The siblings Hans K. and Paula M. and her brother-in-law Maximilian L. were co-owners of a family estate in Lower Austria. They had already had sold large areas of the K. Estate to a number of buyers prior to 1938, including the Province of Lower Austria, due to financial difficulties. Following the death of Paula M. in September 1938 and Hans K. in January 1939, their children and heirs continued these efforts to sell off land, owning at least in part to large inheritance tax demands. At the same time, from early 1939 onward sale negotiations were held with the soon-to-be Reich region Lower Danube. Following the takeover of the K. Estate by the Reich region Lower Danube in September 1939, initially in trust, it then went on to purchase the agricultural properties in the summer of 1940.
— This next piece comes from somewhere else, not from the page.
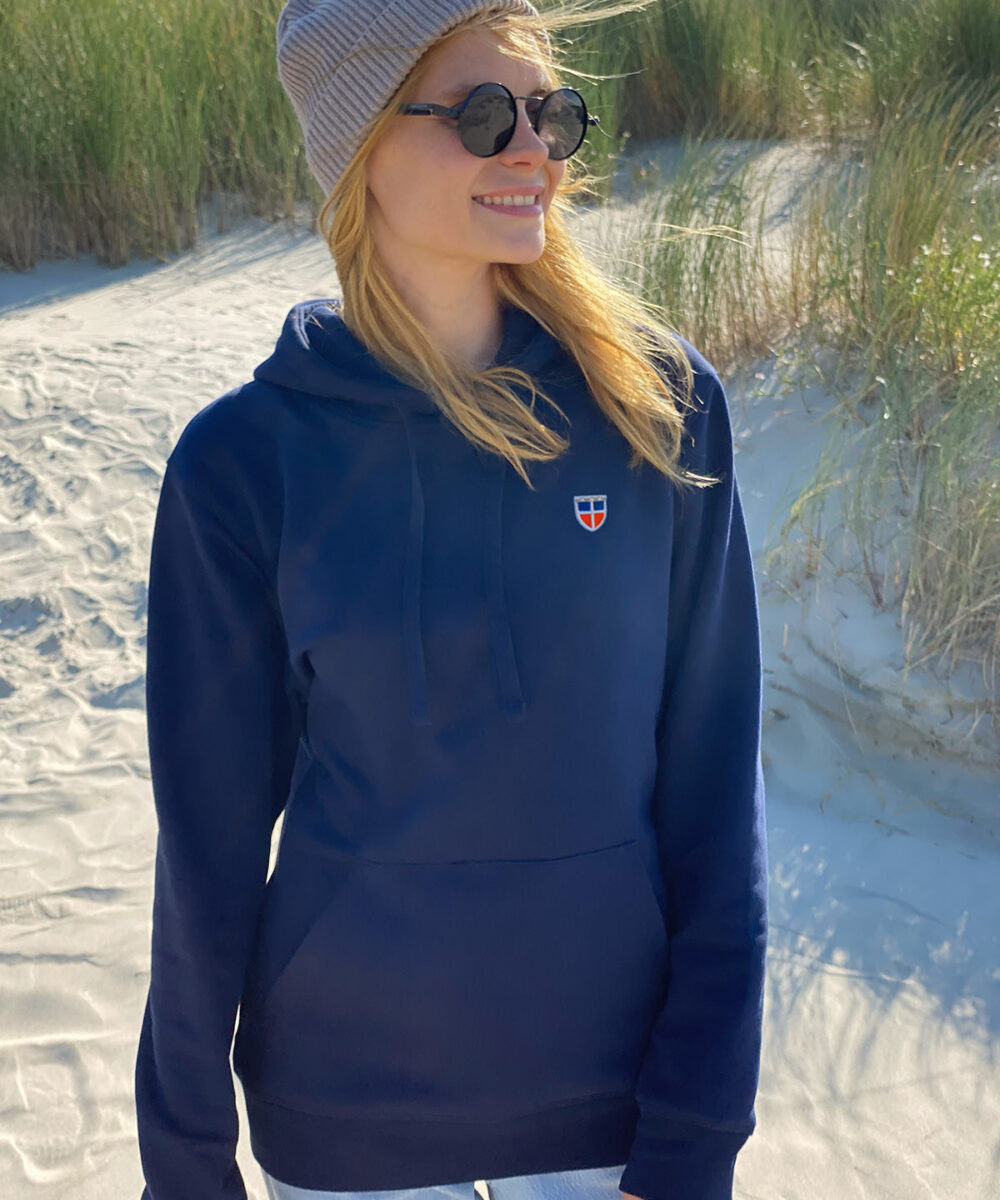Hoodie NILS/NELE <span>in Navy</span>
As descendants of the W. family, which was considered Jewish after the Anschluss of Austria to the German Reich, Hans K. and his sister Paula M. were affected by the Nuremberg Laws of 1935. Paula M. was considered a Mischling I. Grades (“first grade half caste”) and, due to his marriage to a Jew, her brother was considered Jewish. The K. family took numerous steps in its efforts to gain a more beneficial “genealogical status”. After the W. family had assigned a large number of assets to the German Reich, an ancestor of the K. family was declared to be “Aryan”, as a result of which Hans K. was considered a Mischling II. Grades (“second grade half caste”) and his three children “first grade half castes”. The heirs of Paula M., who had in the meantime passed away, were then considered “Aryan”.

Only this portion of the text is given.